ARIMA for Time series data

ARIMA (Autoregressive Integrated Moving Average):

In an autoregressive model, the forecast of a variable is based on its linear combination of past values of the same variable.

  1. Autoregressive (AR):  ARIMA looks at the relationship between the current value of a time series and its past value. It considers how the past values of a variable contribute to predicting its future values.
    • If yesterday’s stock prices influenced today’s, ARIMA captures this influence.
  2. Integrated (I): It aims to make the time series data stationary, meaning its statistical properties like mean and variance remain constant over time. It checks if the data has a trend or changing statistical properties.
    • If the data is not stationary, ARIMA applies differencing to make it more predictable.
  3. Moving Average (MA): It involves considering the past forecast errors to predict future values. Instead of looking at past values of the variable, ARIMA looks at past errors in predicting the variable.
    • It considers how the errors from previous predictions influence the current prediction.

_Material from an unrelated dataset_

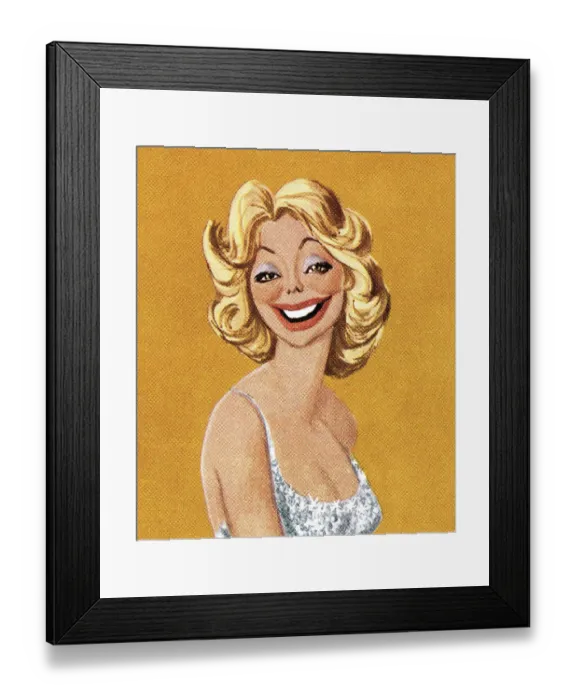 Framed Print : Blond woman laughing Framed Print : Blond woman laughing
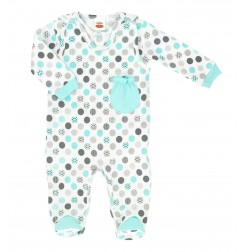 Βρεφικό Βαμβακερό Σετ 2 Τεμαχίων Makoma "Mint Dots" – Φορμάκι & Μακρυμάνικο Ζιπουνάκι (01170) - Χειμωνιάτικα / εποχιακά σετ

Understanding ARIMA in Simple Steps:

  1. Start with the Data:
    • Data should be more like having a series of numbers, like daily stock prices or monthly website visits—something that changes over time.
  2. Understand Trends:
    • ARIMA looks at the overall trend in the data. It analysis if the trend is generally going up or down. This helps to understand the baseline behavior.
  3. Deal with Trends:
    • If there’s a trend, ARIMA helps to remove it by differencing.
  4. Autoregressive Part:
    • It checks how today’s data relates to the data from the past. If there’s a clear connection, it uses this to make predictions.
  5. Moving Average Part:
    • ARIMA considers how accurate past predictions were and adjusts for any mistakes made. It’s a way of learning from past experiences.
  6. Combine Everything for Predictions:
    • The algorithm combines the insights from trends, historical data, and past predictions to make an informed guess about what might happen next

PCA algorithm

Principal Component Analysis is a dimensionality reduction technique commonly used in machine learning and data analysis. Its primary goal is to transform high-dimensional data into a lower-dimensional representation, capturing the most important information. This reduction in dimensionality can lead to improved computational efficiency, visualization, and often better model performance.

steps to perform PCA:

  1. Standardize the Data: If the features in the dataset have different scales, it is important to standardize them by subtracting the mean and dividing by the standard deviation to give each feature equal importance.
  2. Compute the Covariance Matrix: Calculate the covariance matrix of the standardized data. The covariance matrix provides information about how variables change together.
  3. Compute Eigenvectors and Eigenvalues: Calculate the eigenvectors and eigenvalues of the covariance matrix. The eigenvectors represent the principal components, and the eigenvalues indicate the amount of variance captured by each principal component.
  4. Sort Eigenvectors by Eigenvalues: Sort the eigenvectors in descending order based on their corresponding eigenvalues. The higher the eigenvalue, the more variance is captured by the corresponding eigenvector.
  5. Select Principal Components: Choose the top k eigenvectors to form the new feature space. Typically, it would select the number of principal components that capture a sufficiently high percentage of the total variance.

Example:

Suppose the data on people’s heights and weights. We can find that most of the variation, along a diagonal line, representing a combination of height and weight. PCA helps us focus on this main trend and ignore less important details.